What this means for the short term

In the short term, then, it is vital that the Sanders/Warren pole continues to influence this election and hopefully win the nomination. To that end, Sanders ought to stop railing so hard against the Democratic “establishment.” He needs to disavow the antagonistic tone of some of his supporters, clearly and vocally, and model a broader and more inclusive style of leadership. He could borrow a move from Warren’s playbook and mount an aggressive outreach campaign to mid-level leaders in the Democratic Party, particularly centrists who are worried about a down-ballot massacre. This matters: antagonism is not going to persuade people to take a chance on the political changes that Sanders represents. For the long term as well as the next eight months, we need to be more persuasive with ever widening circles of people.

Which brings us to the conspiracy theories. The process is not “rigged” against Sanders. The electoral process and the DNC’s leadership are flawed in many ways, and the political calculations made by party leaders are predictable—that is why and how they are party leaders. Their behavior benefits establishment candidates and frequently fosters cynicism in grassroots participants. But there is no nefarious conspiracy. The Party’s rules are designed to minimize uncertainties, build power, and win a general election. For example, the original intent of the superdelegates was to enforce the will of the broadest possible base in primary elections, where results might be skewed by odd delegate allocations or weak multi-candidate fields. The limits of the process do not point to an anti-Sanders plot.

Likewise, the votes on Super Tuesday were not rigged; they reflected late-breaking news, calculations about “electability,” and fears about taking a chance in a vital election. But they didn’t result from a conspiracy or a coup. Let’s leave these talking points to the Republicans, who benefit from depressed voter enthusiasm and whose leaders traffic in conspiracy theories all the time.

How we build now for the long term

Sanders’ campaign teaches us a lot about the potential to energize and tap into an emerging electorate that is younger and majority people of color. In places with solid progressive infrastructure and organizing history, like California, the existing multiracial and multigenerational majority is already solidly progressive. We can build on this infrastructure and better connect it to the organizing going on in other states, including Florida, Virginia, Arizona, Texas, Nevada, New York and Colorado. But there are limits to using a national election as a vehicle for movement-building. As Esperanza Tervalon-Garrett reminds us: “Elections are a flashpoint, a test. Elections only demonstrate our capacity to move the base we built long before the election began. You can’t leverage what you haven’t built.” Building and aligning a new multiracial (electoral) majority takes time and year-round engagement.

That is why the most critical project right now is building movement infrastructure in the states, led by local leaders who are ready to challenge the existing power structure. In the next ten years, our greatest challenge will be shaping a radical and participatory democracy that is truly inclusive.
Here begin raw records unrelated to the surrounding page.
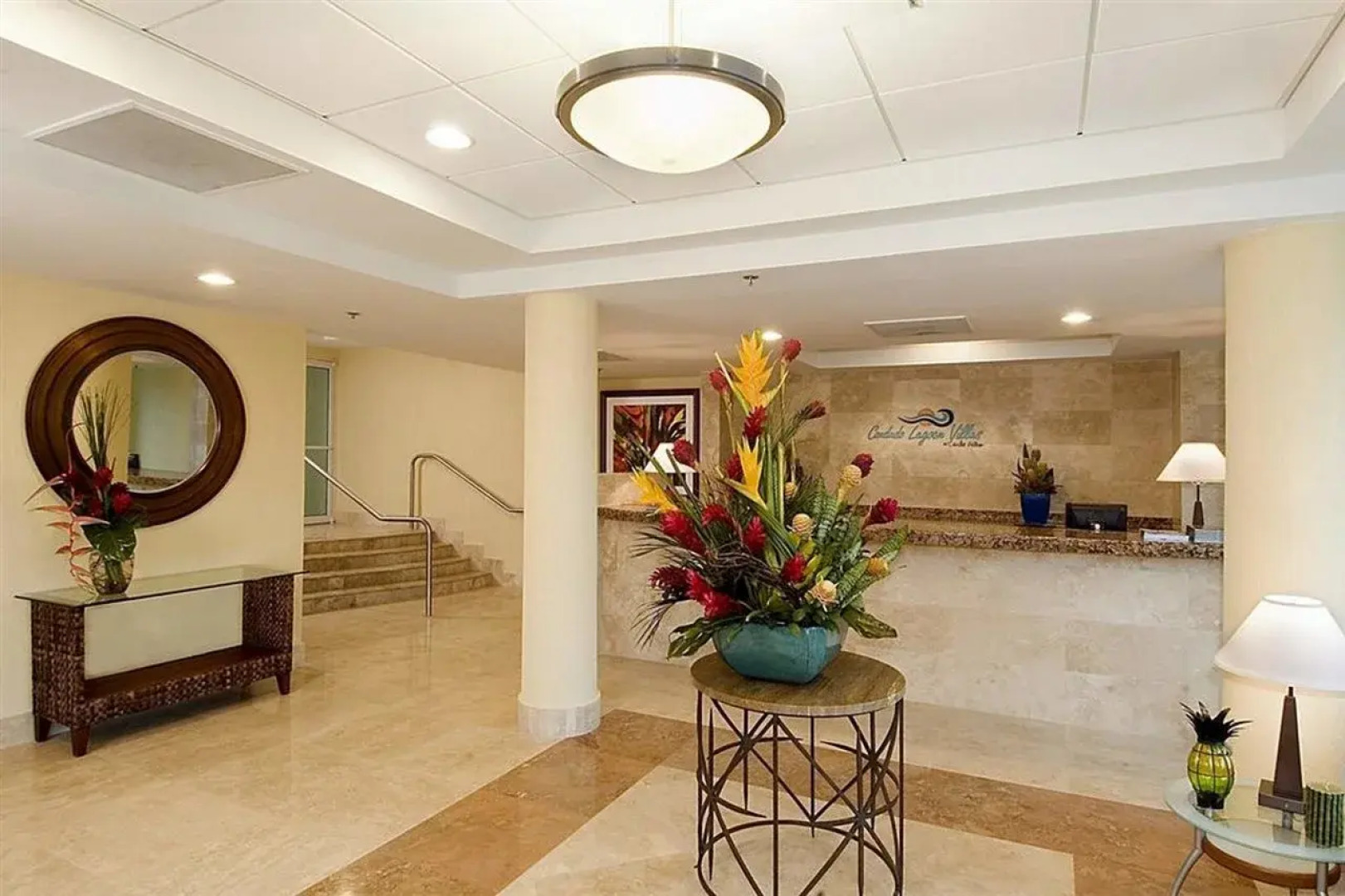 Condado Lagoon Villas at Paseo Caribe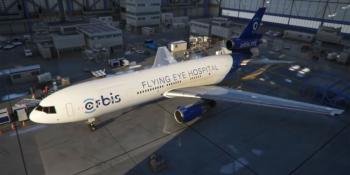 Microsoft Flight Simulator Partnership Series: Introducing Orbis International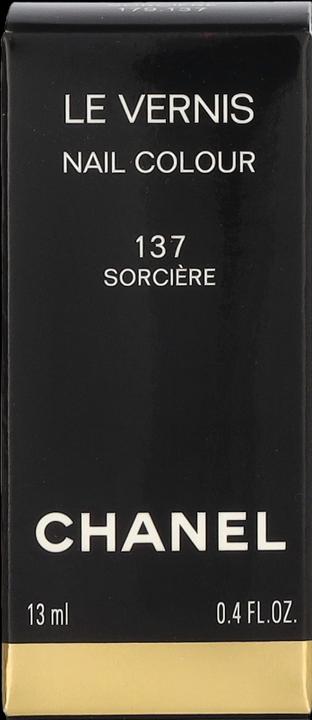 Immagine prodotto Chanel Le Vernis 137 Sorcière (137 Sorcière, Smalto)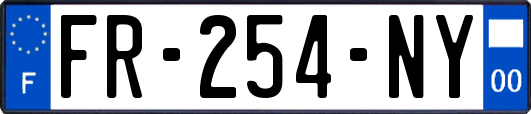 FR-254-NY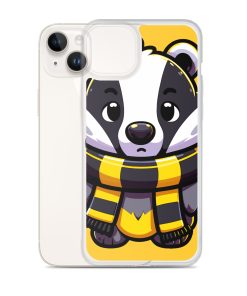 Hufflepuff Harry Potter Hogwarts Phone Case for iPhone®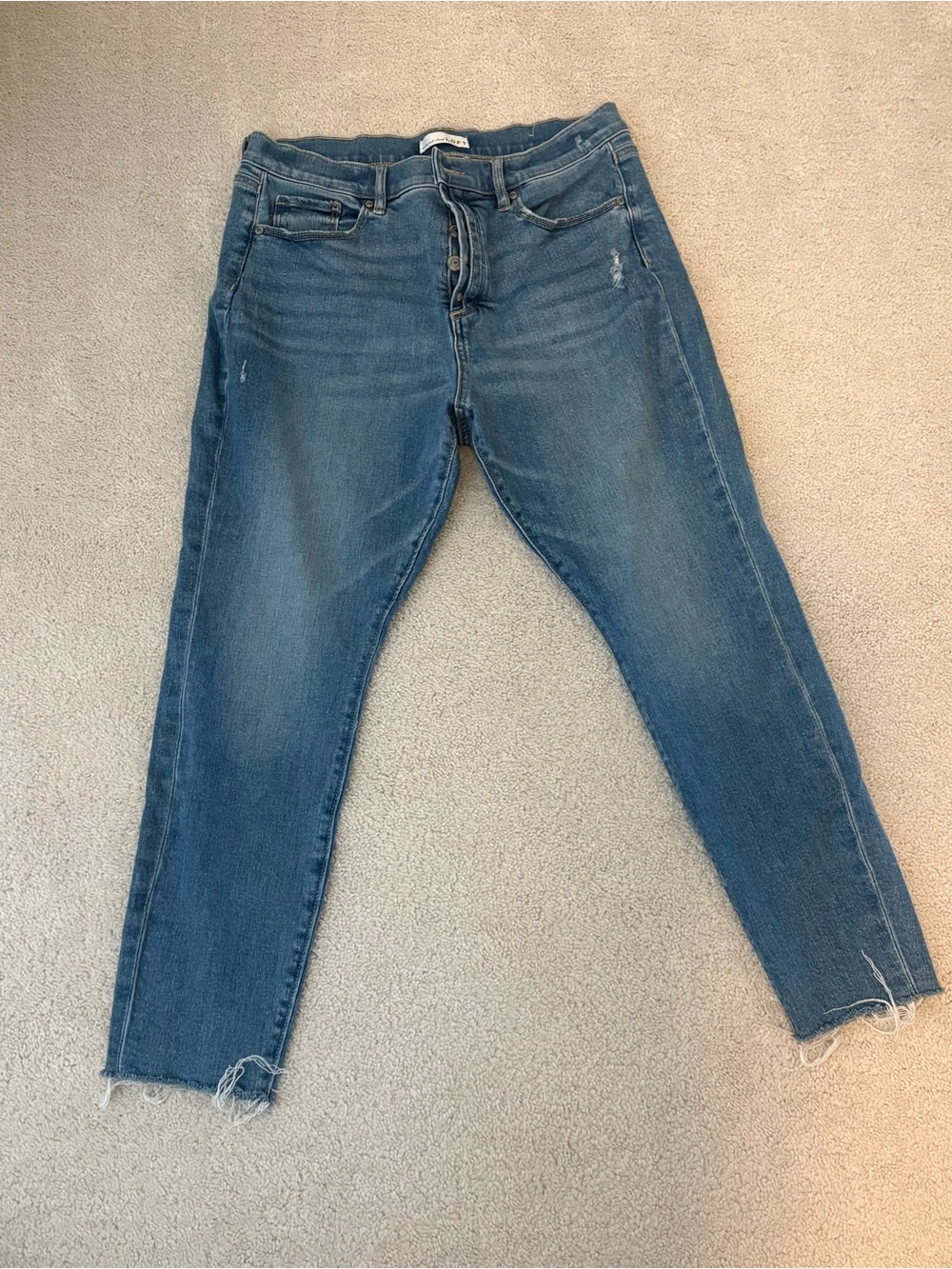 Loft Jeans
If we fail, the country may slide into more authoritarianism and nationalism, as we’re witnessing in Hungary, India, and Brazil, and starting to observe in the UK and France. With four more years of Trump, it can happen here. Opportunities for participatory democracy start locally and at the state level. Let’s seize them.

The good news is there is much to build upon. No matter who wins the nomination, the left can position itself to influence a Democratic administration. And beyond that, we can lead a realignment, grounded in the power and participation of an organized constituency that supports social democratic programs even as they look toward a more fundamental transformation.